The language of defense is russian
Official reviewers:
Bolatbek Rysbaiuly – Doctor of Physical and Mathematical Sciences, specialty: 01.01.07 – Computational Mathematics, Professor, Astana IT University (Astana, Republic of Kazakhstan);
Murat Abdukadyrovich Sultanov – candidate of physical and mathematical sciences, specialty: 01.01.07 – computational mathematics, professor, Khoja Akhmet Yassawi international Kazakh-Turkish university (Turkistan, Republic of Kazakhstan).

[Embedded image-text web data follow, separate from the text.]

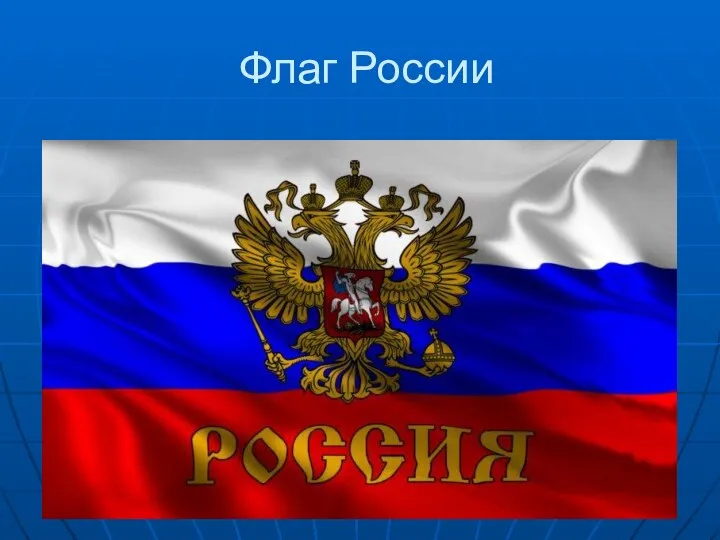 Флаг России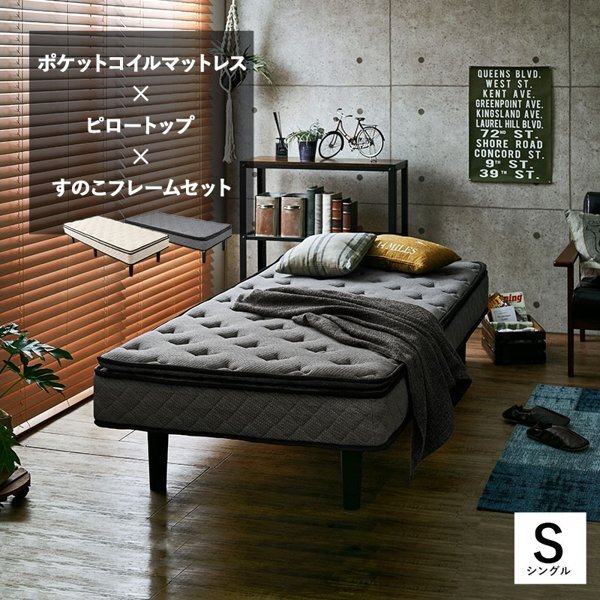 7208円 ベッド シングル マットレス付き すのこ 厚み21cm 高級 7208円 ベッド シングル マットレス付き すのこ 厚み21cm 高級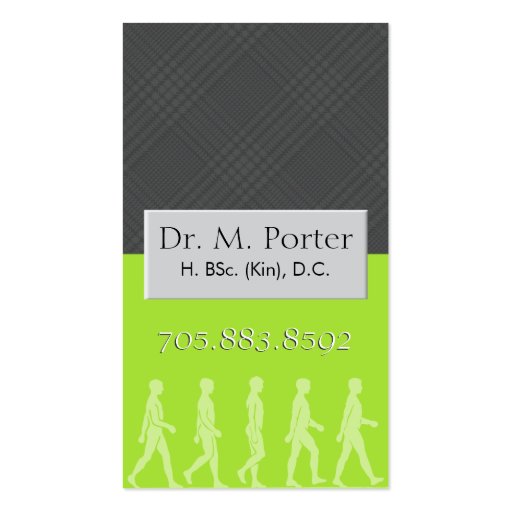 Chiropractic and Medical Business Card - Monogram (front side)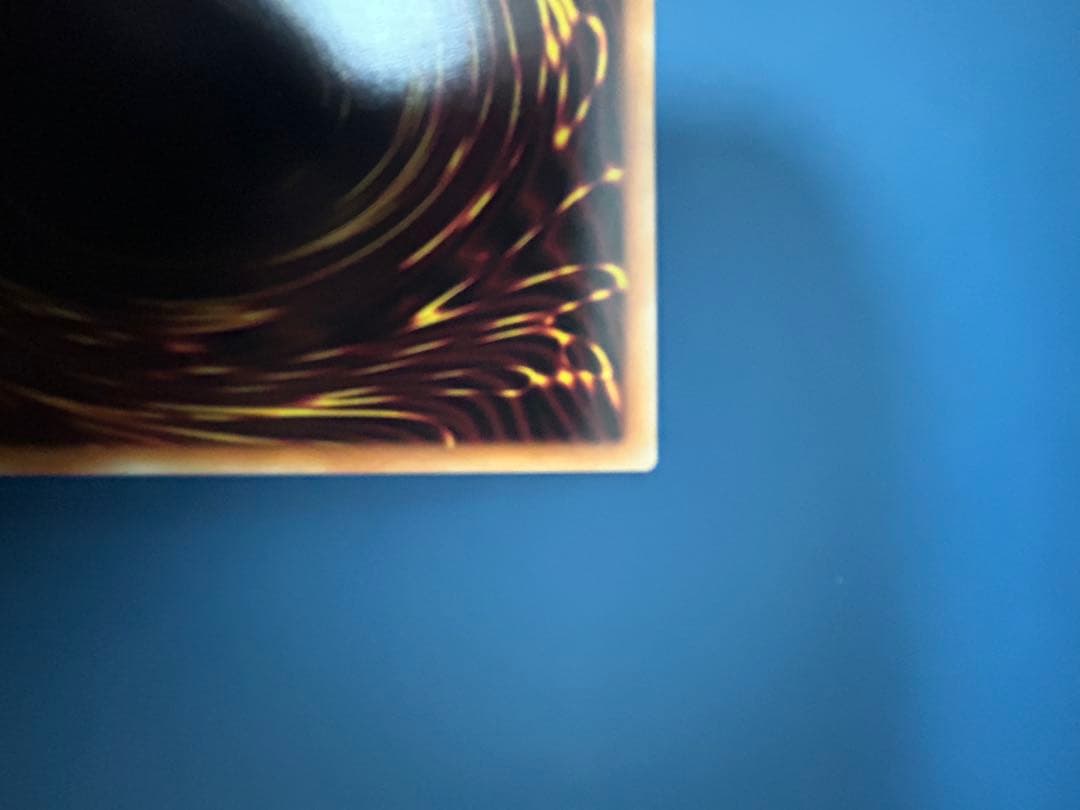 遊戯王 烙印竜アルビオン プリズマティックシークレットレア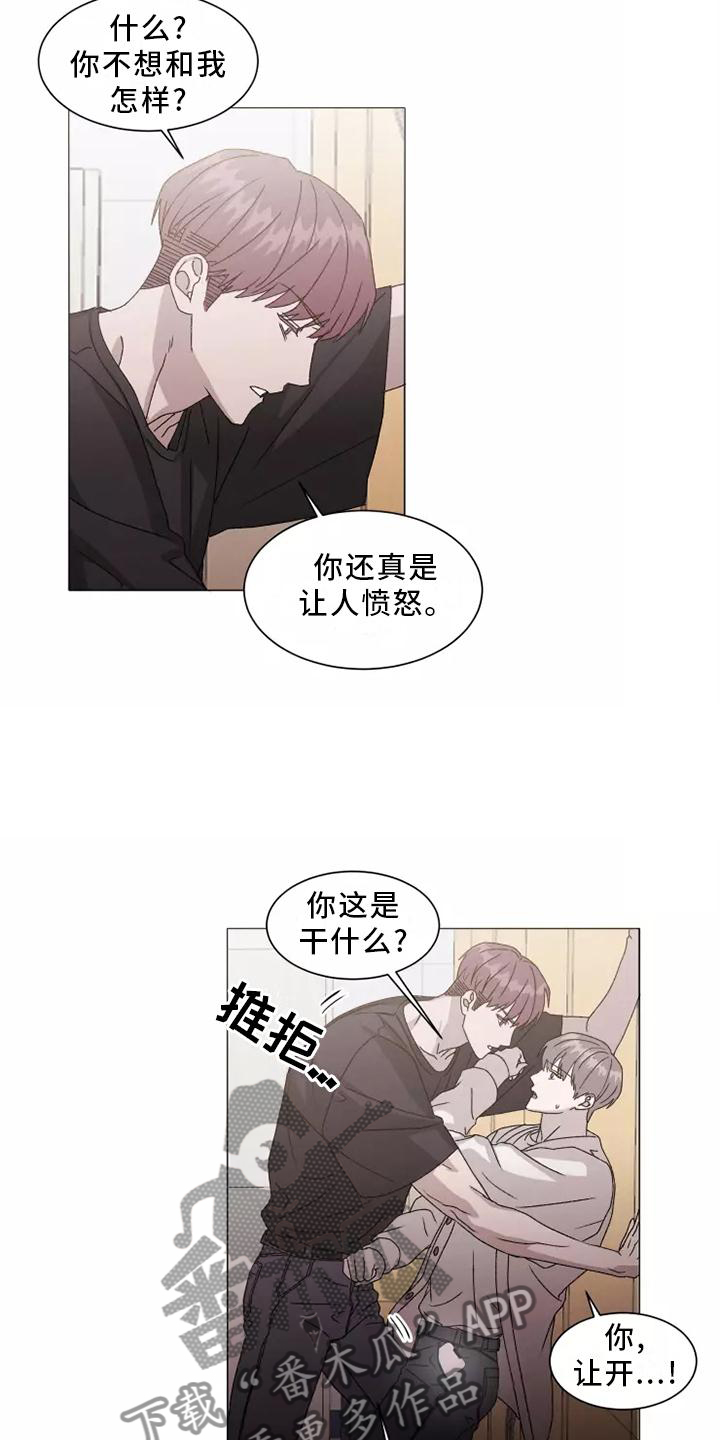 《契约恋情请收下》漫画最新章节第43章：USB免费下拉式在线观看章节第【9】张图片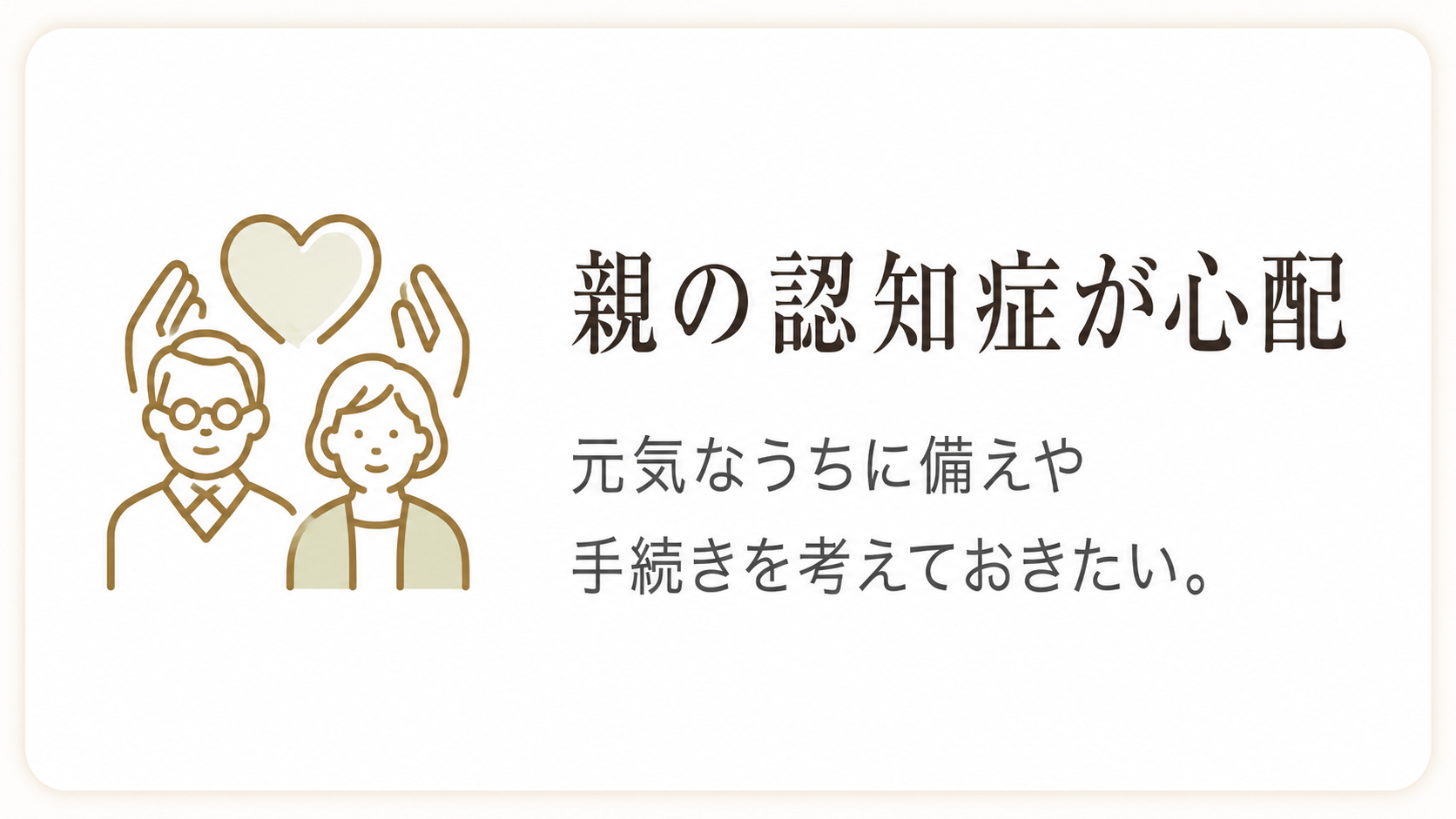 お悩み：認知症への備えをしたい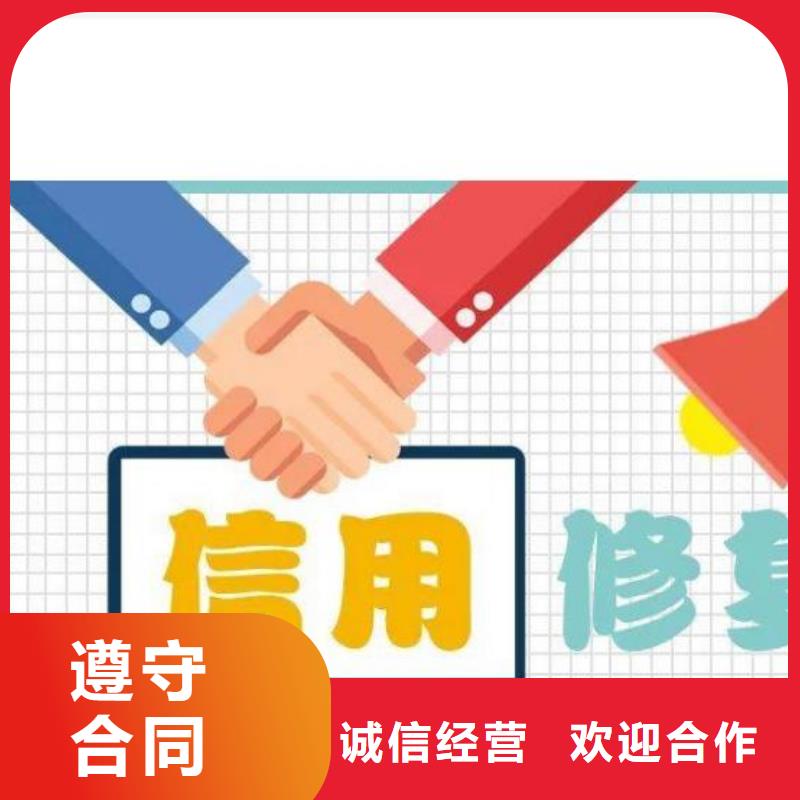 修复,失信企业信用修复办法遵守合同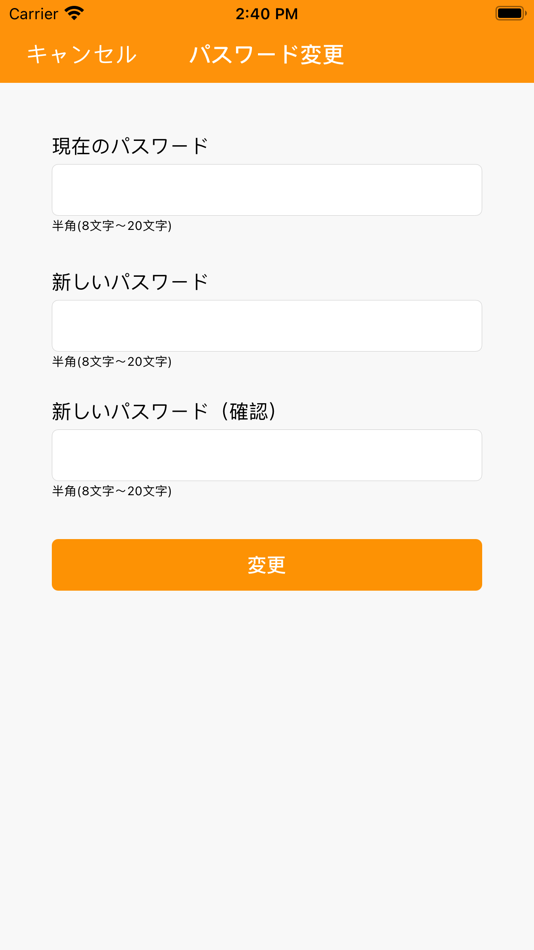 #1. ミマム (iOS) By: MPlanning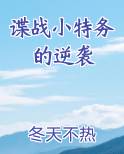 谍战小特务的逆袭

Temporary members of the Dissertation Council:
Vladimir Borisovich Barakhnin – doctor of technical sciences, head of the department of informatics systems, faculty of information technologies, Novosibirsk state university (Novosibirsk, Russian Federation);
Olga Alexandrovna Ussatova – doctor of philosophy (PhD), associate professor, leading researcher at the RSE "Institute of information and computational technologies" of the CS MSHE RK (Almaty, Republic of Kazakhstan);
Asel Akzhalova – doctor of philosophy (PhD), candidate of physical and mathematical sciences, professor, Kazakh-British technical university (Almaty, Republic of Kazakhstan).
Scientific consultants:
Tolkyn Mirgaliqyzy – doctor of philosophy (PhD), associate professor of the department of computer and software engineering, L.N. Gumilyov Eurasian national university (Astana, Republic of Kazakhstan);
Maksim Alexandrovich Shishlenin – doctor of physical and mathematical sciences, professor of the russian academy of sciences, Sobolev institute of mathematics, Novosibirsk state university (Novosibirsk, Russian Federation).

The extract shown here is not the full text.